Simple Restore vs Comprehensive Restore

A simple restore will restore only the Active Directory Domain Services (AD DS) database.

A comprehensive will restore other data that, while technically not part of the Active Directory Domain Services, is closely associated with it. This includes the Domain Name Server (DNS) database, the DHCP database, the Active Director Federation Services (AD FS) database, the Active Directory Certificate Services (AD CS) database, the IIS metabase, the WINS database, the computer name, and the IP address.

A comprehensive restore is required to restore any of the databases or settings listed above because they are not part of Active Directory Domain Services.

For more information

For more information see Recovering Your Active Directory Forest (Microsoft Docs).
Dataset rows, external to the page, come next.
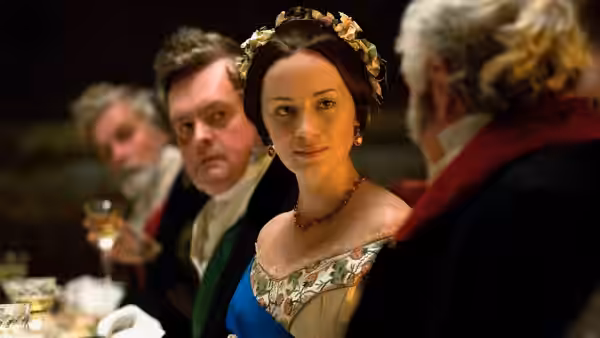 Queen Victoria (Emily Blunt) sits among men at a formal dinner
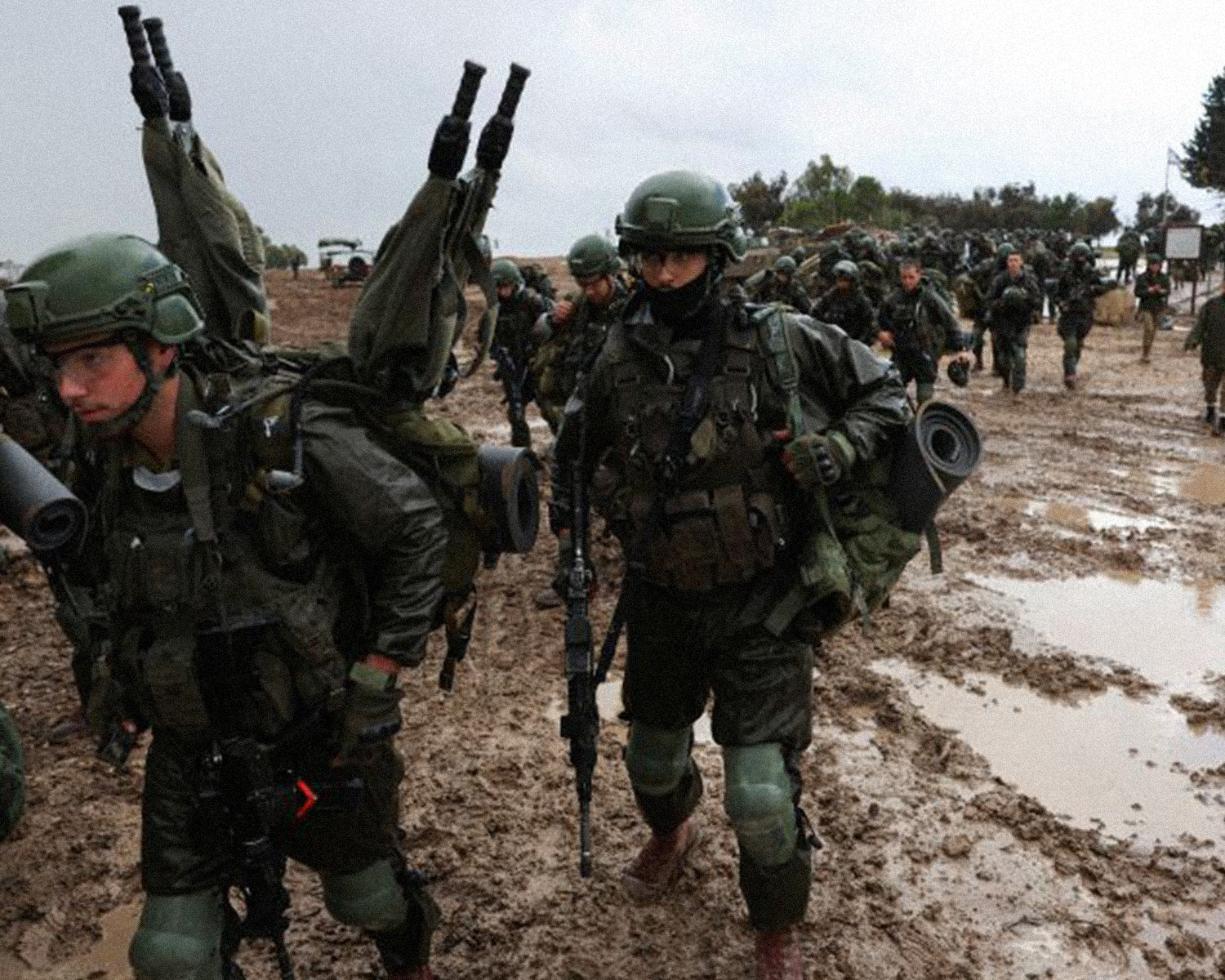 Thousands of Israeli reservists report for duty, as military chief clashes with ministers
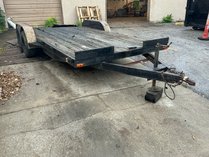 16â Tandem Flatbed Trailer With Ramps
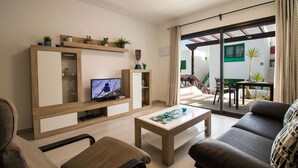 A modern living room with a sofa, coffee table, TV, and shelves with plants.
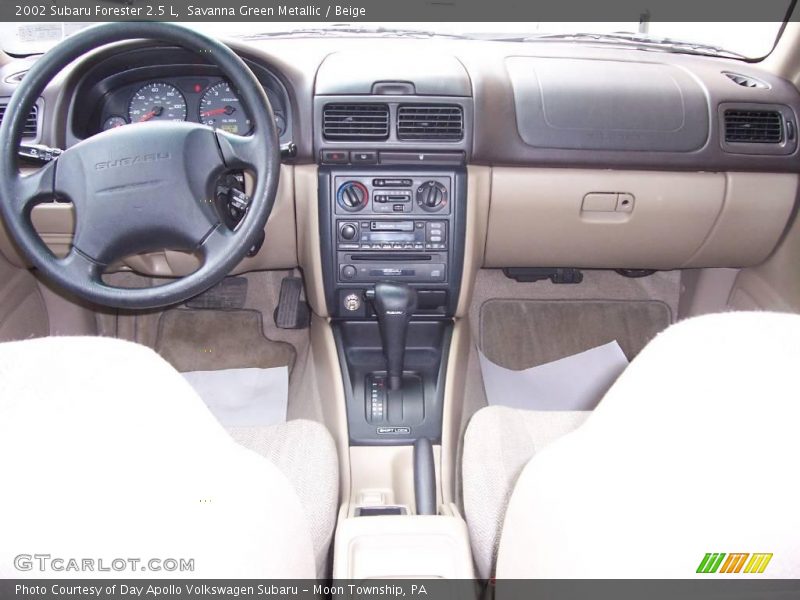 Savanna Green Metallic / Beige 2002 Subaru Forester 2.5 L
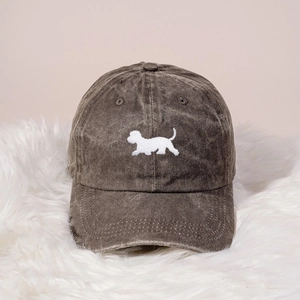 Close-up of vintage dark grey washed cotton baseball cap with white dog embroidery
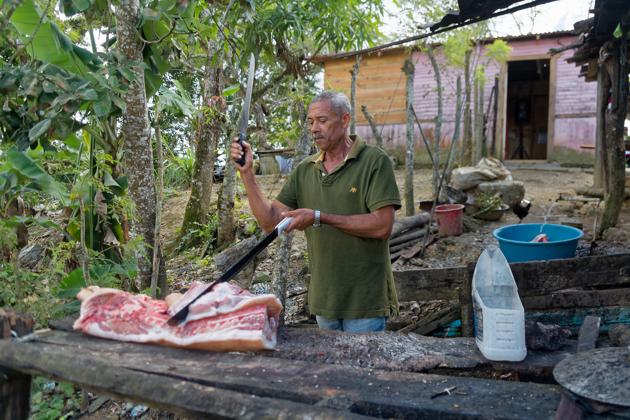 man cutting piece of meat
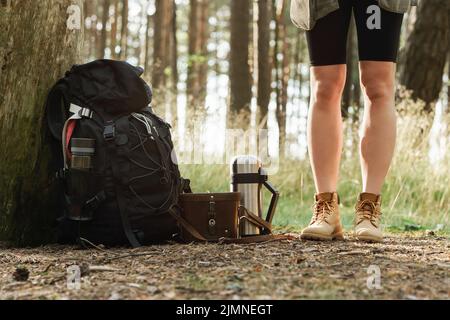 Weibliche Beine und Wanderrucksack auf dem Boden Stockfoto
Alternate procedure: Authoritative Restore

Microsoft provides the option of recovering Active Directory using Ntdsutil (Authoritative Restore). The use of Authoritative Restore is not recommended. It requires that you have expert knowledge of Ntdsutil and the Active Directory tree structure in order to repair duplicate objects and group membership back-links. See Performing Authoritative Restore of Active Directory Objects (Microsoft Docs) and Alternate Procedure: Authoritative restore of one object or one subtree.